DESCRIPTION OF THE TASK. Look below for the line that contains "This image shows", then copy it and each following line exactly, through and including the line that contains "Ne t’inquiète pas, sois".

DATASET EXTRACT.
* * * * *
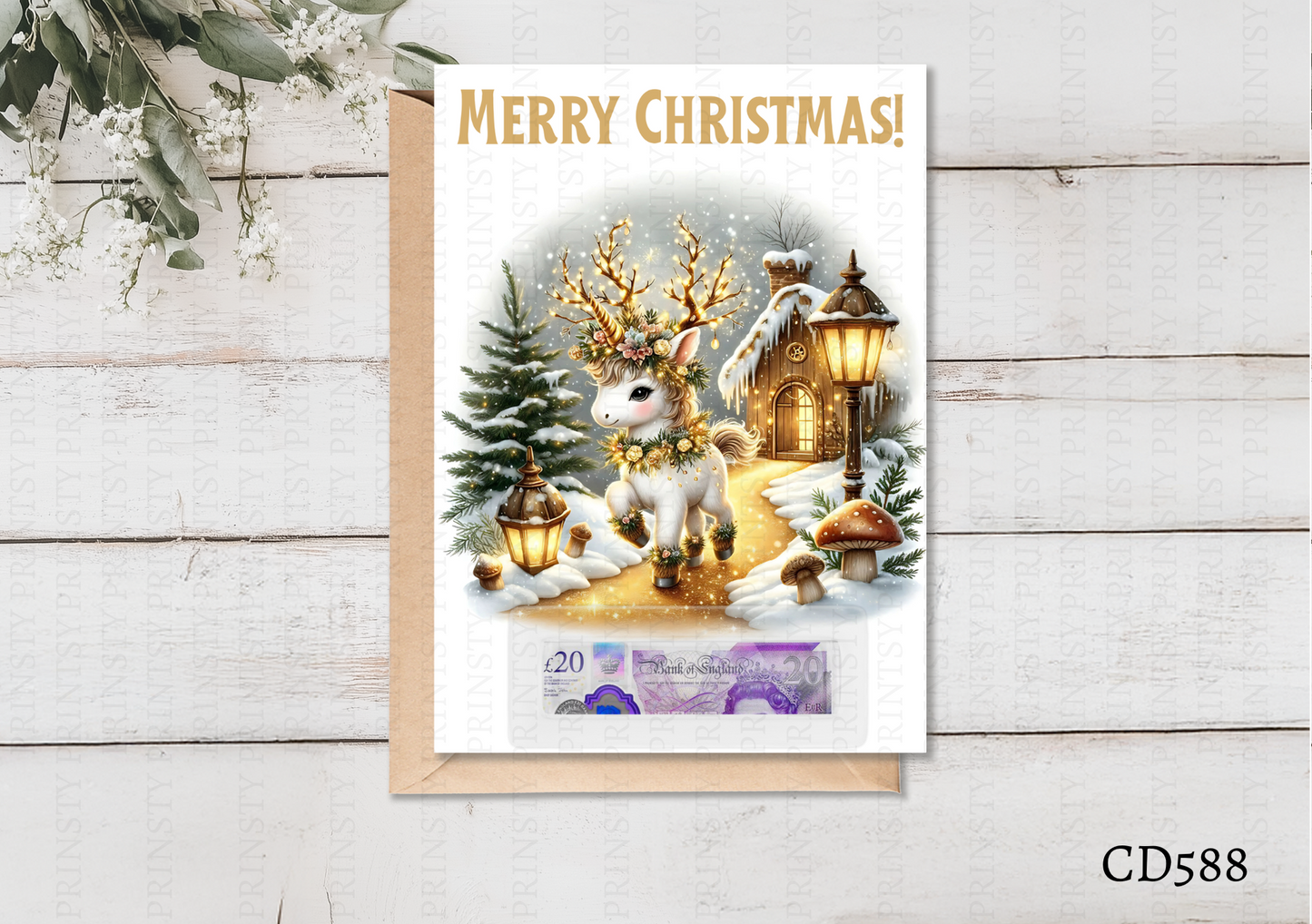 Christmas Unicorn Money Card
* * * * *
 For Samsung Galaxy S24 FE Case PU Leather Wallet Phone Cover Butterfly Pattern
* * * * *
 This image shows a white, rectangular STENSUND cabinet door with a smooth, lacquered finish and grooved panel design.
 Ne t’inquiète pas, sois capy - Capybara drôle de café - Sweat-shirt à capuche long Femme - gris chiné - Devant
* * * * *
EXPECTED ANSWER.
 This image shows a white, rectangular STENSUND cabinet door with a smooth, lacquered finish and grooved panel design.
 Ne t’inquiète pas, sois capy - Capybara drôle de café - Sweat-shirt à capuche long Femme - gris chiné - Devant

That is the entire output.